▶ **Task item**
Nothing in the data should change when you return it, but leave the pictures out.

▶ **Given data**
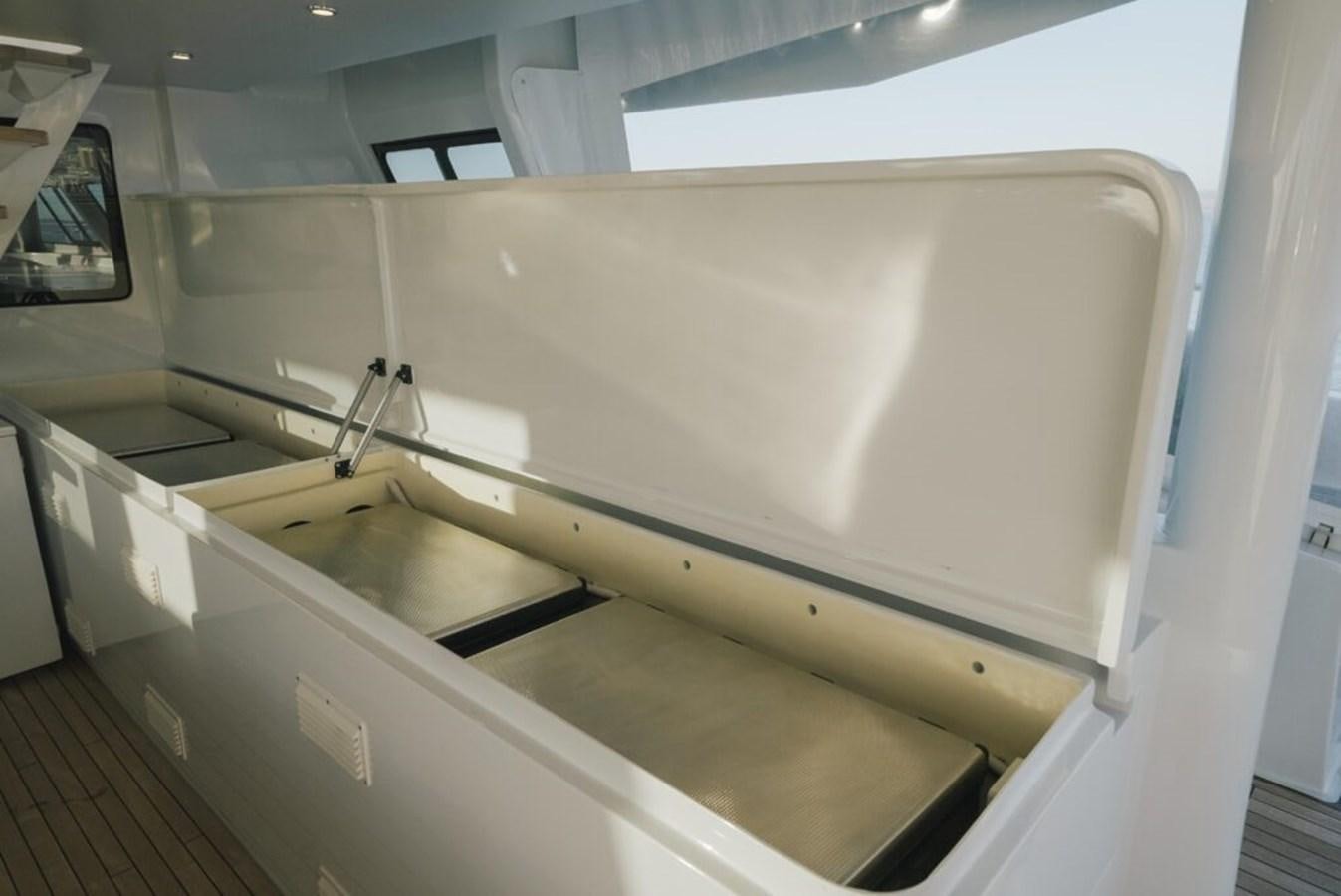 a large white cabinet with a sink aboard SALTY Yacht for Sale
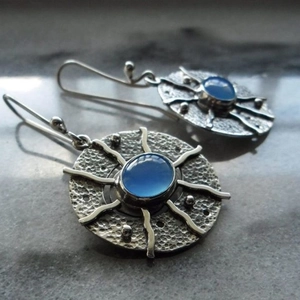 Vintage bohemian sun-shaped drop earrings with blue crystal stone and hammered silver disc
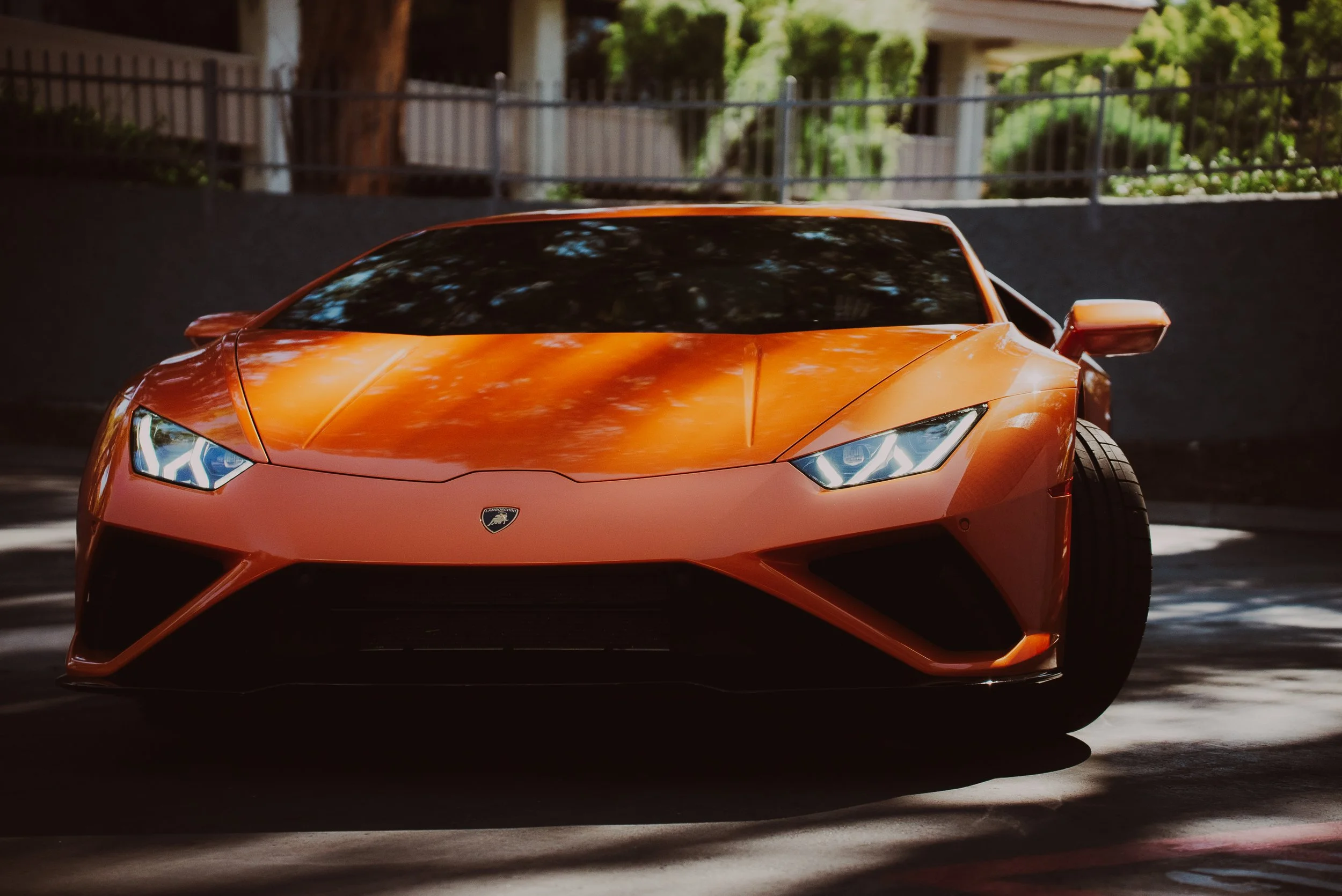 Orange Lamborghini sports car parked outdoors with trees and houses in the background.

▶ **Answer section**
 a large white cabinet with a sink aboard SALTY Yacht for Sale
 Vintage bohemian sun-shaped drop earrings with blue crystal stone and hammered silver disc
 Orange Lamborghini sports car parked outdoors with trees and houses in the background.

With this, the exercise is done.